<前編のあらすじ>

玲子は貧しい家系の出身ながら、苦学し、努力を重ねた末にとある外資系企業のシニアマネージャーの座を手にした。部下からも慕われており、仕事ぶりは完璧そのもの。しかし、生活は火の車だった。

玲子は求めるものをすべて手に入れることを仕事の原動力としていたからだ。当然月収だけでは足りず、クレジットカードのキャッシングに手を出してしまう。だが月々の支払いは徐々に玲子の生活をむしばんでいった。

前編:タワマン家賃と浪費でクレカ請求100万超え…ハイスペ女性を襲った華やかな生活の裏にある厳しすぎる現実

タクシー通勤、外食をやめて節約生活に突入

玲子は額に汗を浮かべながら、大きなオフィスビル群が見下ろす交差点を渡っていく。ヒールの音がアスファルトに乾いた音を立てる。

自宅のタワマンからオフィスまでは徒歩ならば約25分。以前ならタクシーを使っていた距離だが、今はそうもいかない。

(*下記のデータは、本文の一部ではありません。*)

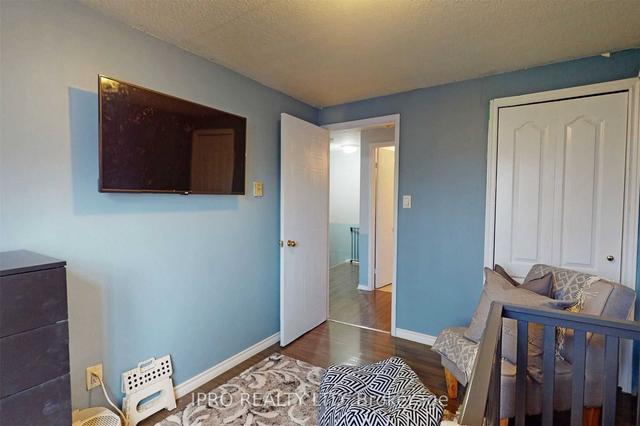 9 - 1100 Oxford St, Condo with 3 bedrooms, 1 bathrooms and 1 parking in Oshawa ON | Image 8
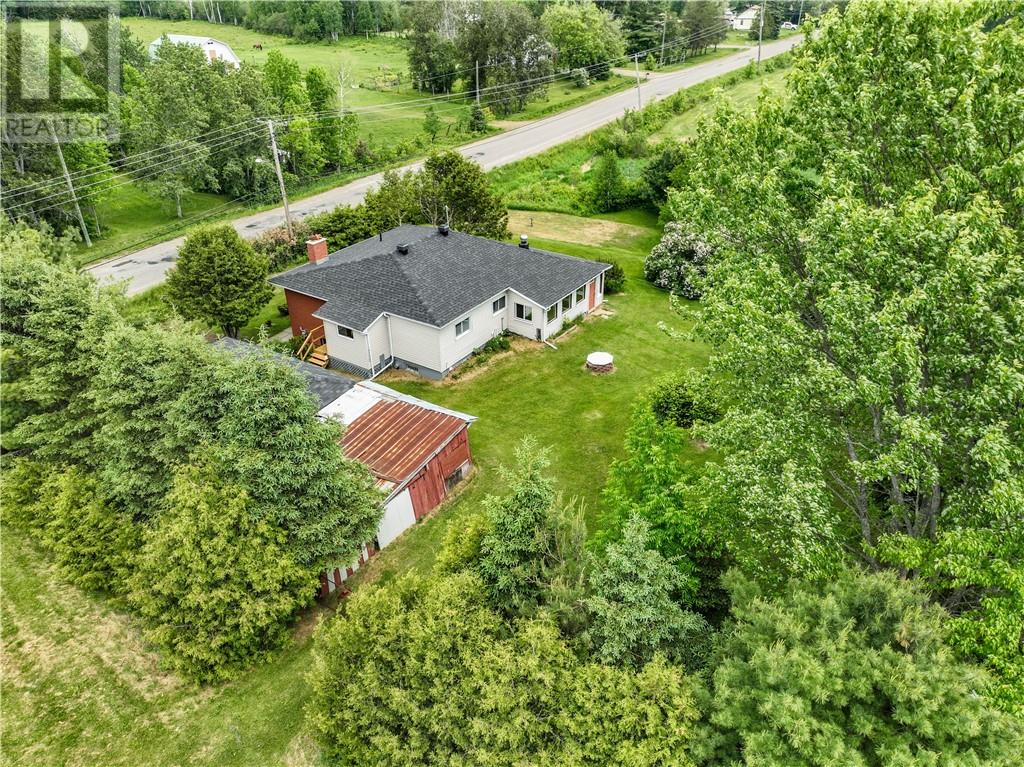Listing 2110996 - Large Photo # 11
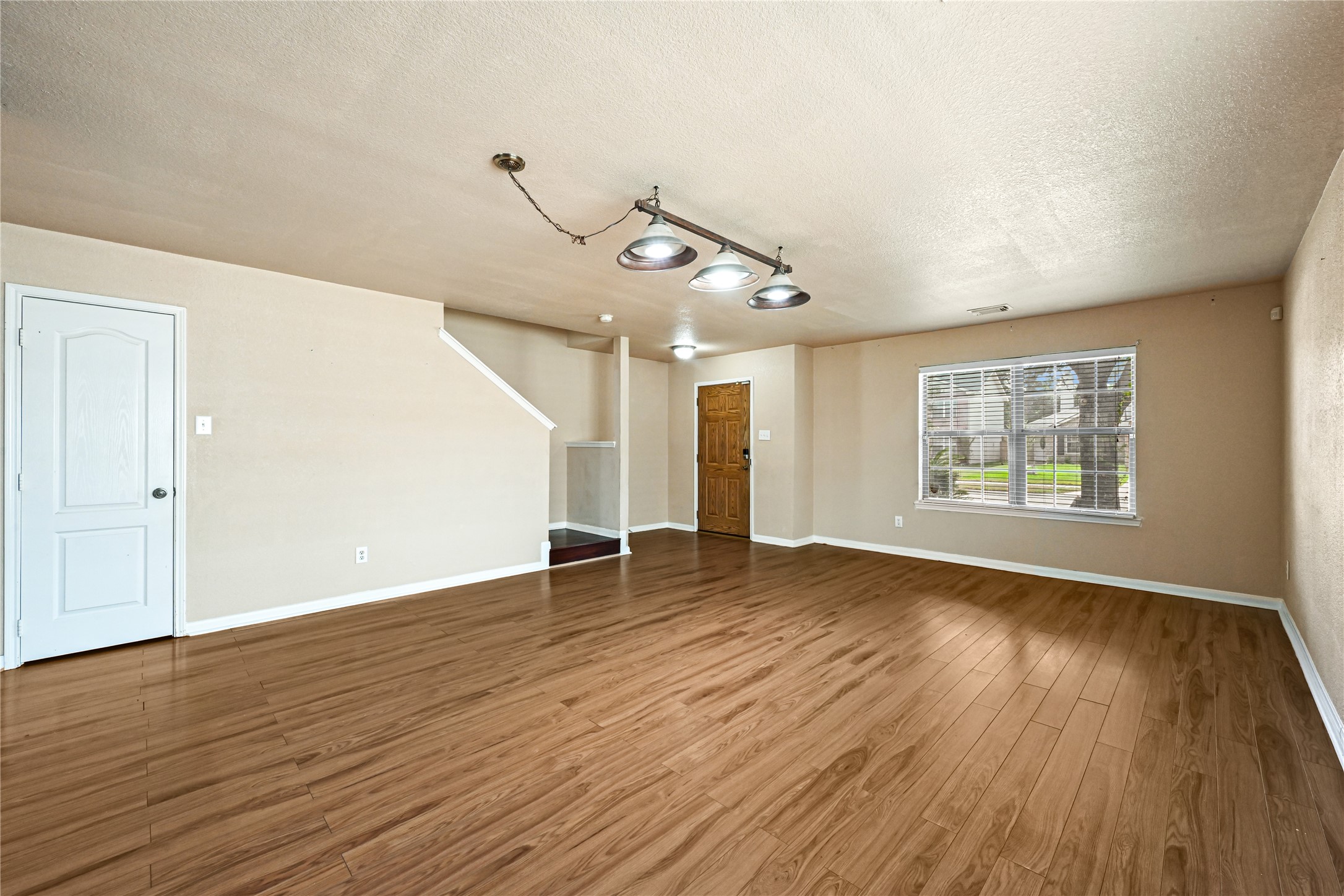 15822 Kings Cypress Lane Property Photo 5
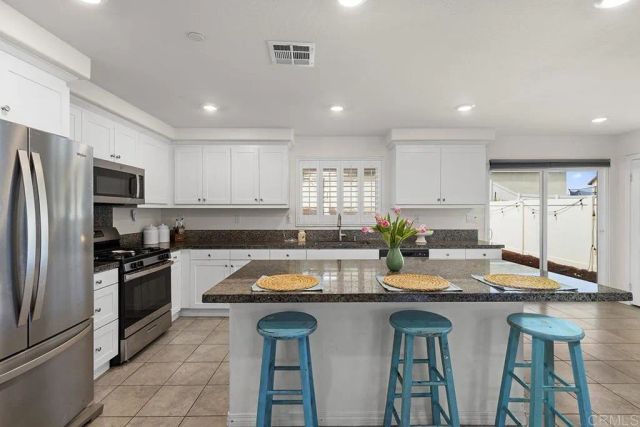 32097 Rambling Court, Winchester, CA 92596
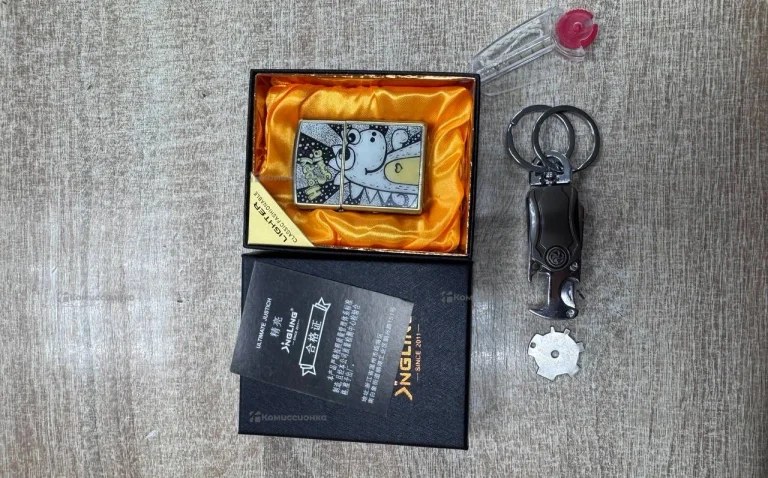 Комплекте из двух зажигалок дракон+танк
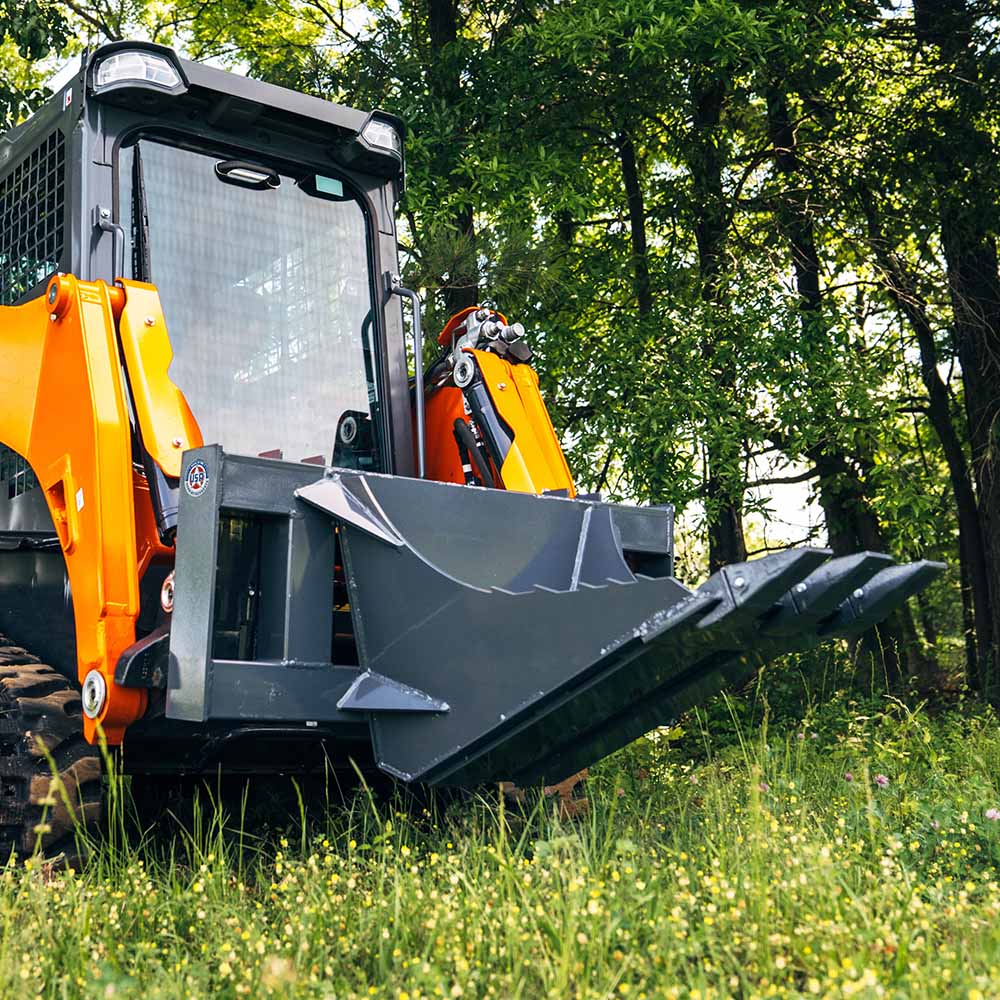 Titan Attachments Stump Bucket | Serrated 0.5" Blade | 45" Width | Oil Flow Range 12–22 GPM | For Skid Steer Loaders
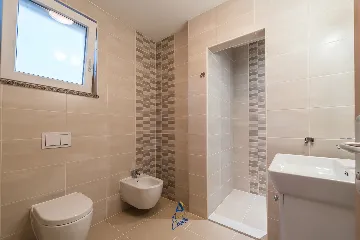 4-Bedroom Villa in Sukošan for 8 Guests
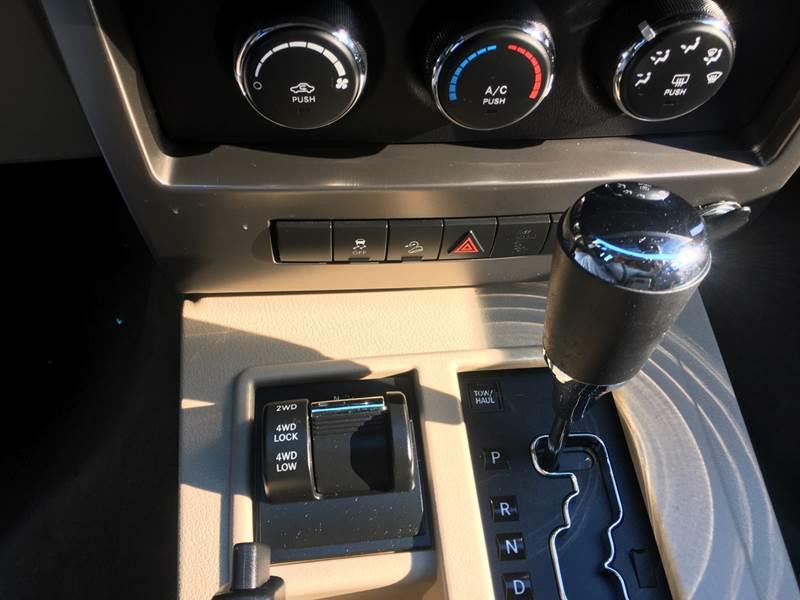 2012 Jeep Liberty Image 21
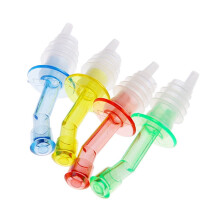 4pcs Wine Aerator Pourer Premium Aerating Pourer and Decanter Spout (Random Color)
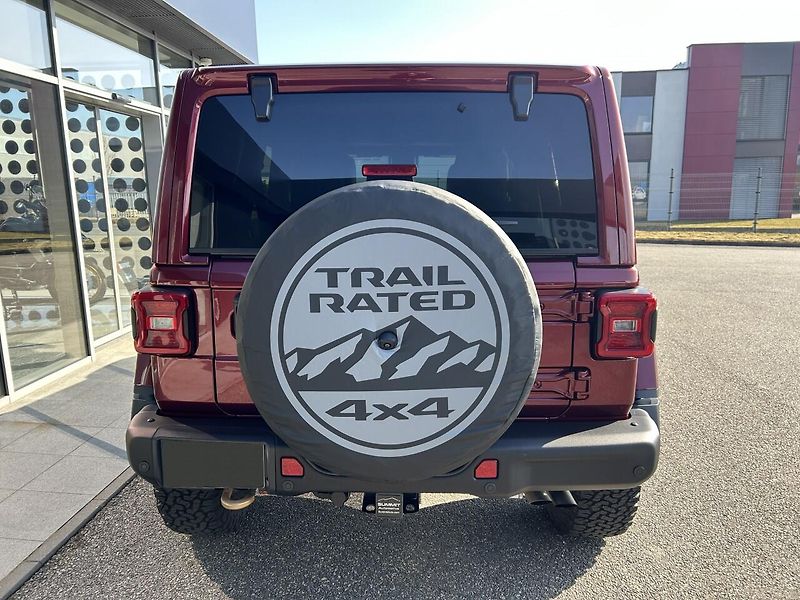 Jeep Wrangler Unlimited Rubicon 392 V8 - fotka 6 z 35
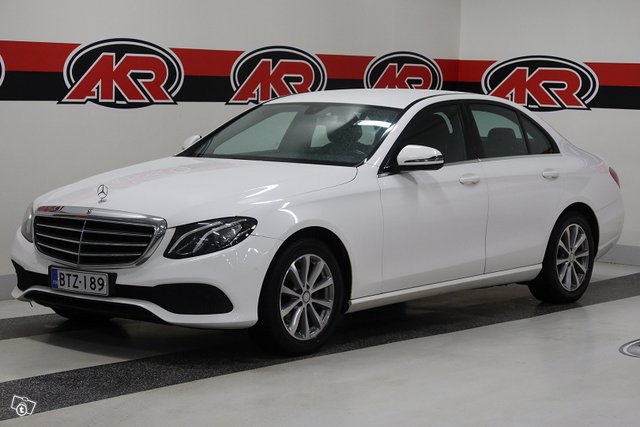 MERCEDES-BENZ E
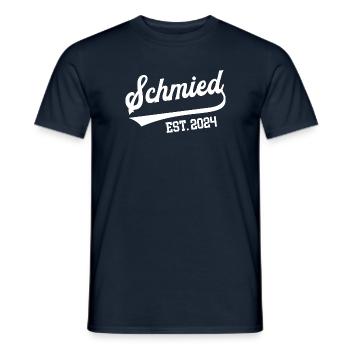 Schmied 2024 Ausbildung Prüfung Schmiede Azubi - Männer T-Shirt - Navy - Vorne - AI Model Male 178 light (178cm)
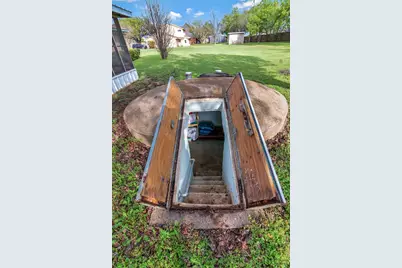 319 Allen Drive, Justin, TX 76247 - Photo 34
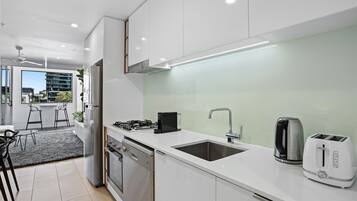 Apartment | Private kitchen | Cookware/dishes/utensils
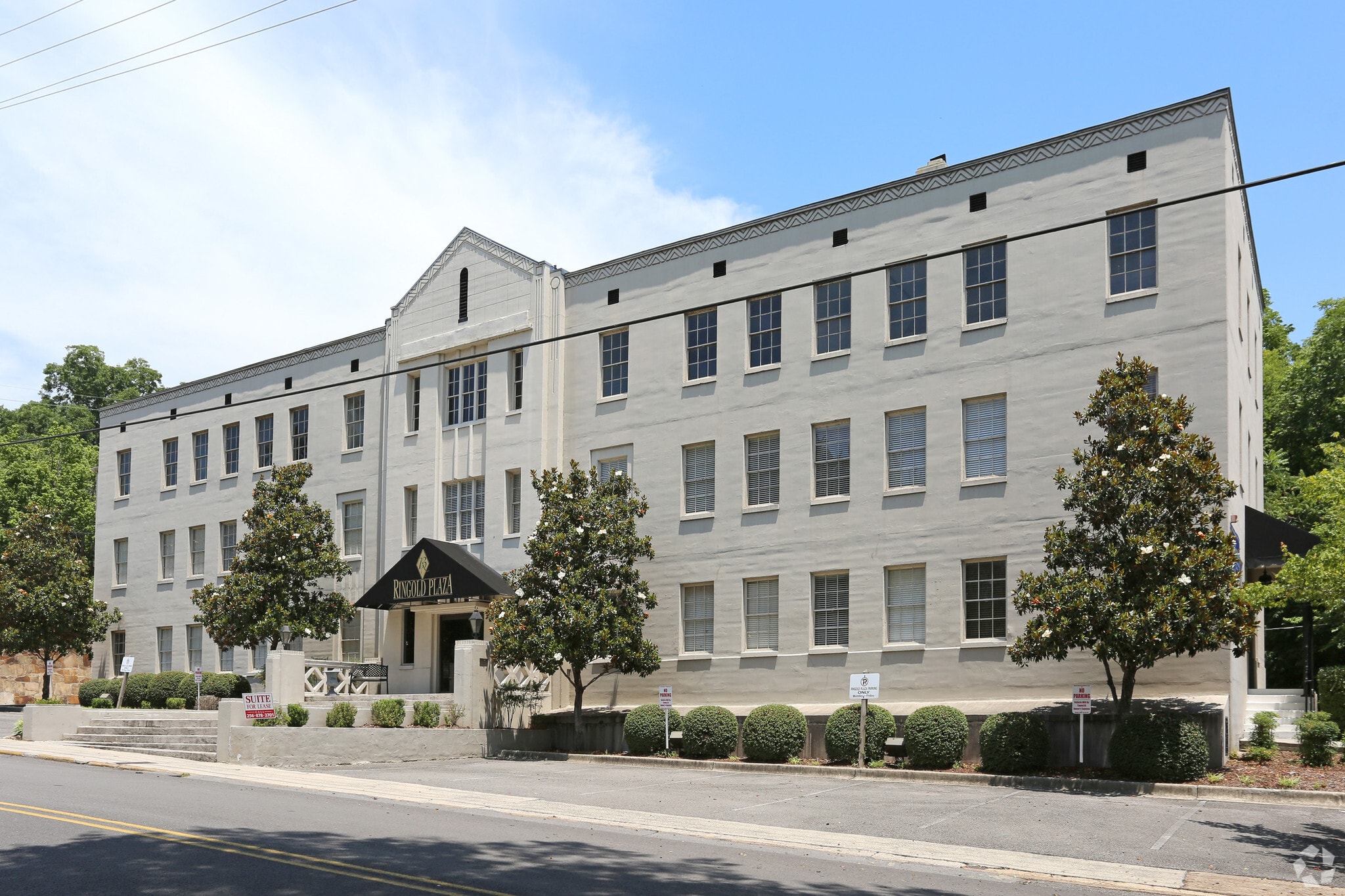 2208 Ringold St, Guntersville, AL for lease Primary Photo- Image 1 of 5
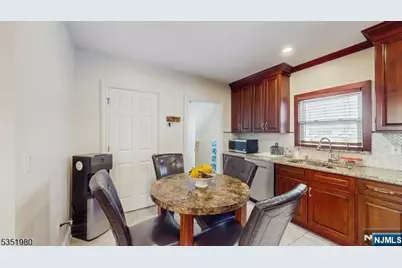 357 Haledon, Haledon, NJ 07508 - Photo 5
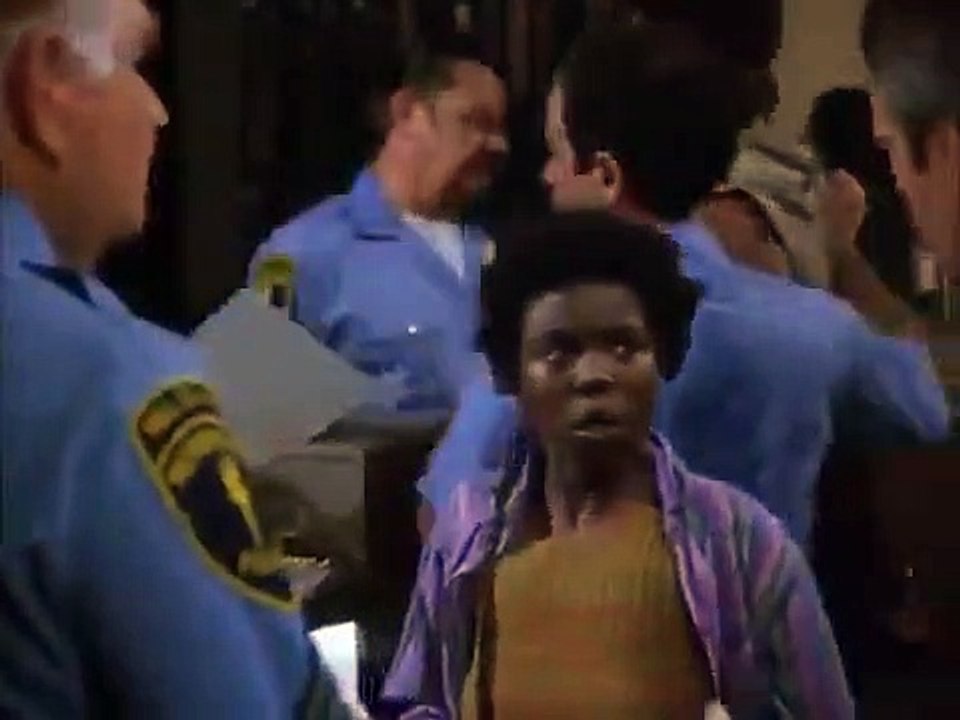 Hill Street Blues - Se5 - Ep01 - Mayo, Hold the Pickle HD Watch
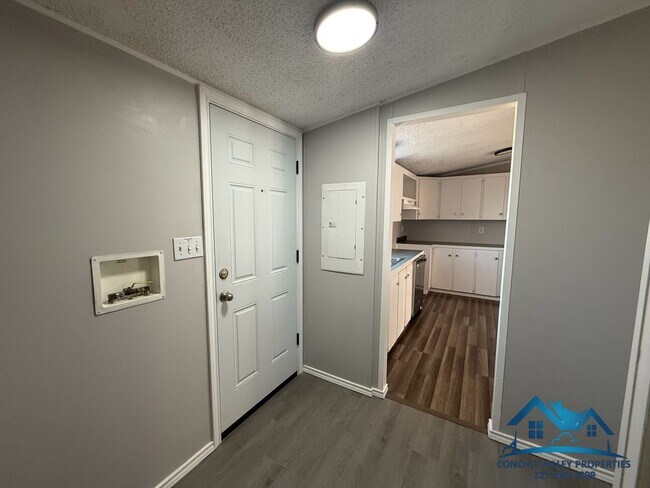 Building Photo - 10302 Glass Ct Rd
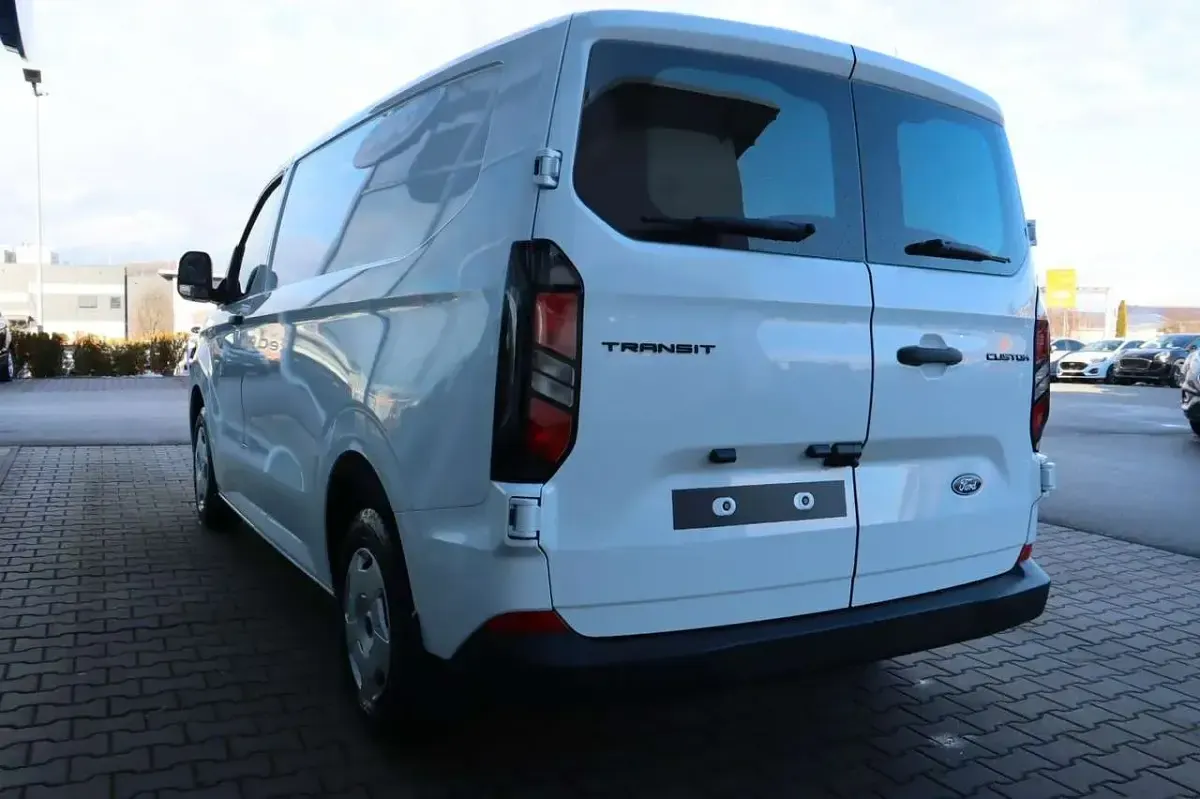 Neu Ford Transit 100 kW (136 PS) 2026 Frozen white Pickup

「たまには歩くのも、悪くないわよね。健康にもいいし」

そう自分に言い聞かせながら、キャッシング枠に初めて手を出した日の夜を思い出す。

ATMに表示された「借入可能額」という文字をタップしたとき、ほんの少し指が震えた。だけどそれさえ乗り越えてしまえば、後は簡単だった。まるでプライドと引き換えにお金という安心を与えてくれる装置のようで、なんとも皮肉だった。

「あれ、白川さん、メイク変えました?」

「ちょっとね」

出社した玲子にいの一番に声をかけてきた女子社員に、玲子はあいまいに微笑む。
迫りくる支払日とそれに向けた節約生活がもたらすストレスのために、玲子は最近うまく眠れていなかった。

いつの間にか目の下にはくまが刻まれ、そう思って自分の顔をまじまじと見ると目元の小じわやほうれい線やらが気になりだし、結局化粧はいつもよりも濃くなった。

昼休みはオフィス近くのレストランには行かず、地下のコンビニで298円のパスタサラダを買った。

「今、ダイエット中だから」

ちょうど鉢合わせた部下の手前、そう言って誤魔化したが、もちろんただの節約だ。以前は2000円のランチが当たり前だった玲子が、今はコンビニのイートインで空調の音を聞きながら食事をしている。

こんなにも惨めな気分は子供の頃以来だ。

結局、うまくのどを通らなかったパスタサラダは半分以上残すことになった。

夜、リビングは静まり返っていた。煌めく夜景がそこにあるのに、玲子はその光をまっすぐ見られない。ソファに腰を下ろし、クッションを抱えた。

「……引っ越し、しようかな」

ぽつりと口に出してみた。でも、答えはすぐに出た。

無理だと。

引っ越しには礼金、敷金、引っ越し代、諸々の費用がかかる。それに、この部屋を引き払うということは、今まで積み上げてきた「理想の自分」を自ら壊すことになる。

「はあ……」

もう何度目か分からないため息が無意識に口からこぼれた。